Brandon Lucia, Joseph Devietti, Karin Strauss and Luis Ceze
University of Washington
Dept. Computer Science and Engineering

Concurrent and parallel programming are becoming increasingly important as multi-core architectures find their way to the mainstream. Concurrent programming is more complex than single-threaded programming because of the need to consider the interaction of multiple threads. Due to the extreme difficulty of the concurrent software problem, we believe that detecting concurrency errors is only one part of the solution. Our insight is that we can alleviate the problem of concurrency errors by designing architectures and systems that significantly decrease the probability that software bugs manifest themselves and lead to a failure. We are developing systems that can detect and avoid a broad class of concurrency bugs.

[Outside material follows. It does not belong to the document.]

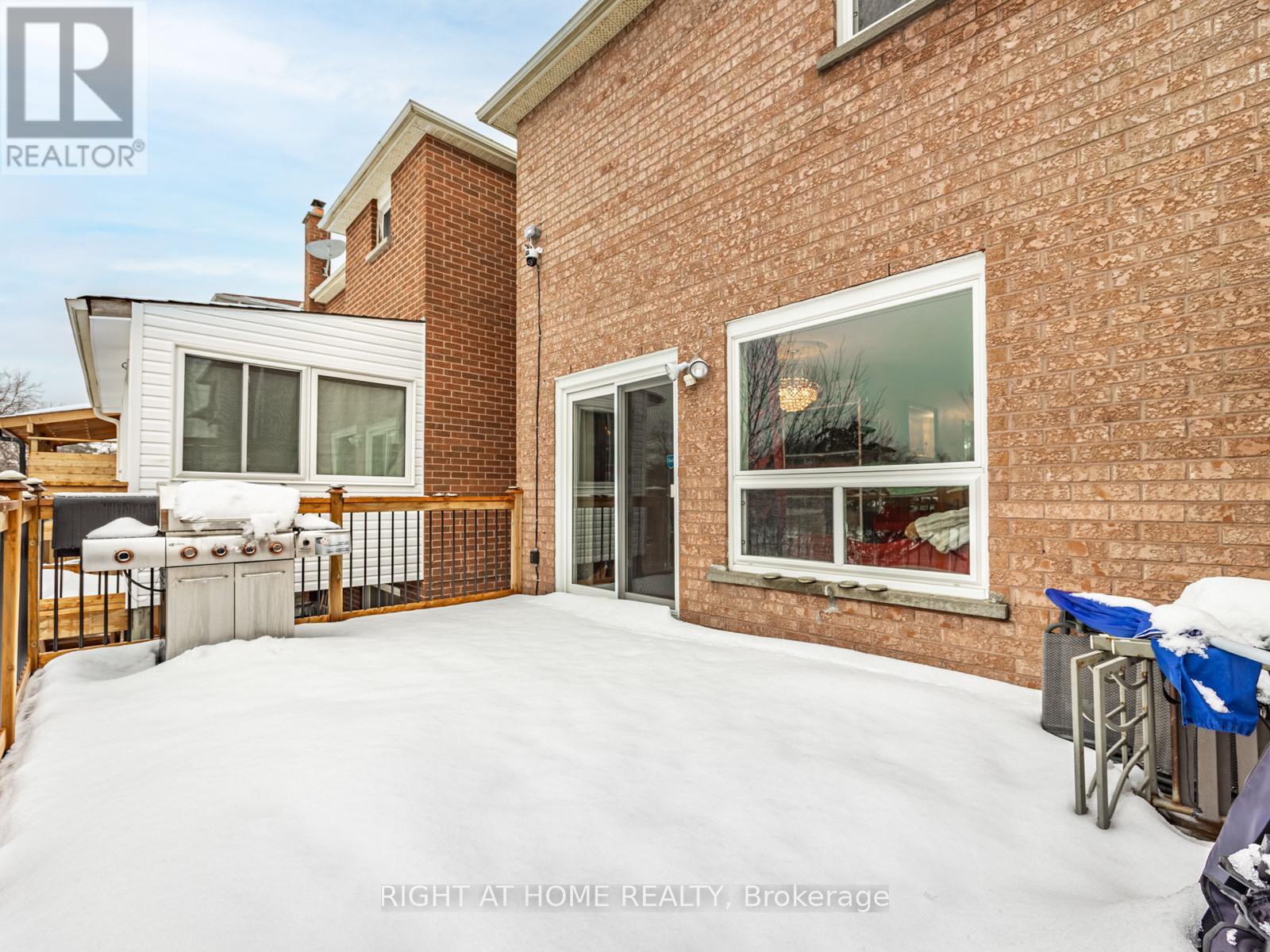 106 Mammoth Hall Trail, Toronto, Ontario  M1B 1P9 - Photo 31 - E12674816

Concurrency bugs manifest nondeterministically, i.e., they depend upon the occurrence of a particular interleaving of program operations. As a result, a straightforward program with a single possible outcome may yield multiple valid global interleaving schedules: some will lead to correct behavior, and some may lead to a failure. By allowing only a subset of these interleavings (the correct interleavings), systems avoid concurrency bugs, and retain the original program semantics. We leverage this property and avoid concurrency bugs by monitoring when one is likely to happen and choosing a less dangerous interleaving. Since we don't want bugs to go simply unnoticed, we also use the same mechanisms to reports bugs back to the programmer. Such mechanisms that increase the reliability of software (at deployment time), and the correctness of software (at development time) are useful for the lifetime of a computer system, justifying the cost of their inclusion in computer architectures.

Publications

Atom-Aid: Surviving and Detecting Atomicity Violations

ISCA 2008, IEEE Micro Top Picks 2009

Writing shared-memory parallel programs is error-prone. Among the concurrency errors that programmers often face are atomicity violations, which are especially challenging. They happen when programmers make incorrect assumptions about atomicity and fail to enclose memory accesses that should occur atomically inside the same critical section. If these accesses happen to be interleaved with conflicting accesses from different threads, the program might behave incorrectly.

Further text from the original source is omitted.